Hauptziel des FCBW ist die Unterstützung des SV Darmstadt 98, des Vereins, den wir als integralen Bestandteil unserer geliebten Heimatstadt verehren. Dabei wollen wir vor allem Spaß haben, aber auch in schwierigen Zeiten treu zu unserem Sportverein stehen. Unsere Mitglieder gehen schon seit Jahrzehnten an’s Bölle. Unser Motto lautet: Einmal blau-weiß, immer blau-weiß.
Demnächst findet Du an diese Stelle ausführliche Informationen zur Geschichte des FanClub Blau Weiß!

Interview des "Ausnahmezustand", dem Fanzine der Ultras Darmstadt :
Verfügung steht.
Erzählt unseren Lesern zunächst einmal etwas über eure Struktur und
eure Besonderheiten als Fanclub!
FCBW:
Die Struktur haben wir gerade geändert. Wir sind weg von der Struktur eines Führungsgremiums, hin zu einem gewählten Vorstand. Das ist dem Umstand geschuldet, dass der Fan-Club schnell sehr groß wurde. Aus einer Siebener-Gruppe wurde in etwas mehr als einem Jahr ein Fan-Club mit über fünfzig Mitgliedern.
Besonderheit ist mit Sicherheit, dass die meisten Mitglieder teilweise vierzig Jahre und mehr zu den Lilien gehen. So manch einer hat über 800 Spiele unseres Vereins gesehen.
AZ: Der FCBW existierte bereits zu Bundesligazeiten und wurde nun im
Jahr 2008 wieder gegründet.
Wie kam es damals zur ersten Gründung und warum hat man danach solange
nichts mehr von euch gehört?
FCBW:
Der FCBW ist einer der ältesten Fan-Clubs Deutschland. Gegründet wurde er 1973 von einer kleineren Gruppe, die ziemlich schnell anwuchs, so dass der FCBW damals der größte Fan-Club des SV 98 wurde.

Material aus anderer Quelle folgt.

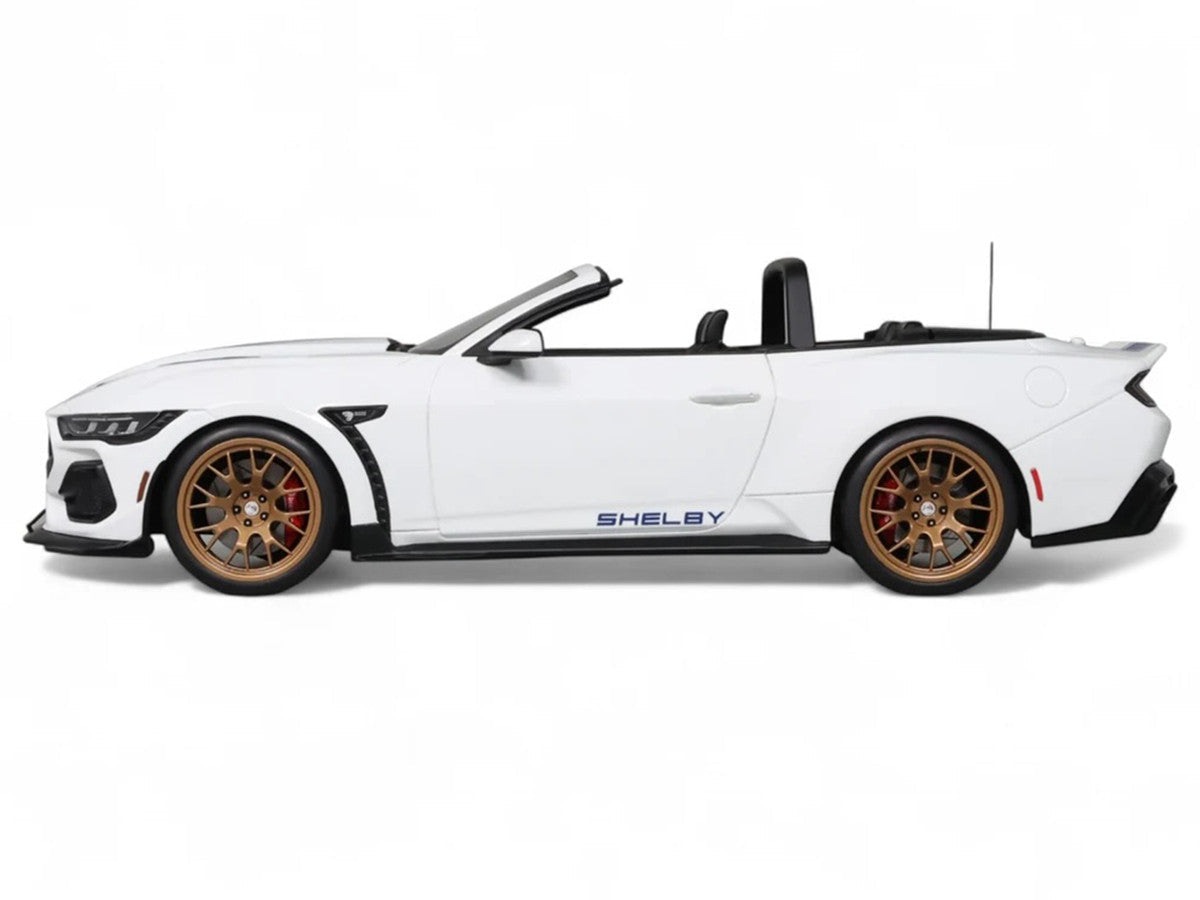 2025 Shelby Mustang Supersnake Convertible White with Blue Stripes 1/18 Model Car by GT Spirit LuxuryLifeWay Online Store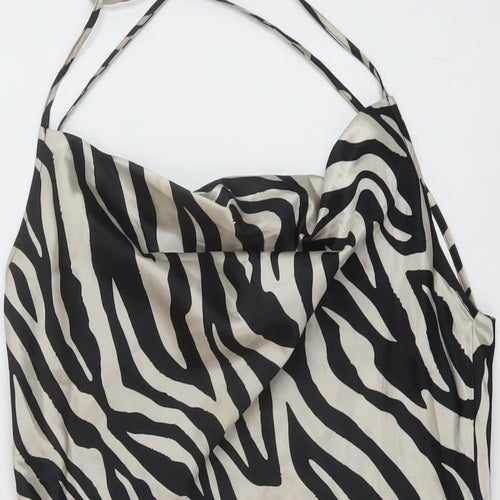 H&M Womens Beige Animal Print Polyester Mini Size 10 Cowl Neck Pullover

Warum man lange nichts gehört hat? Na ja, Anfang der Achtziger sind viele von uns ausgezogen, beruflich Karriere zu machen oder haben Familien gegründet und hatten nicht mehr die nötige Zeit. Die Neugründung war im Rahmen des Insolvenzantragsverfahrens als positives Zeichen gedacht. Wir wollten vermitteln, dass wir trotz schwerer Zeit an unseren Verein und seine Zukunft glauben.
AZ: Wenn ihr die heutige Zeit mit den Bundesligajahren vergleicht,
welche Unterschiede könnt ihr dann
im Bezug auf euren Fanclub feststellen?
FCBW:
Zunächst: wir sind älter und etwas ruhiger geworden. Das wars aber auch schon – das Fan-Dasein ist weiterhin ungebrochen intensiv.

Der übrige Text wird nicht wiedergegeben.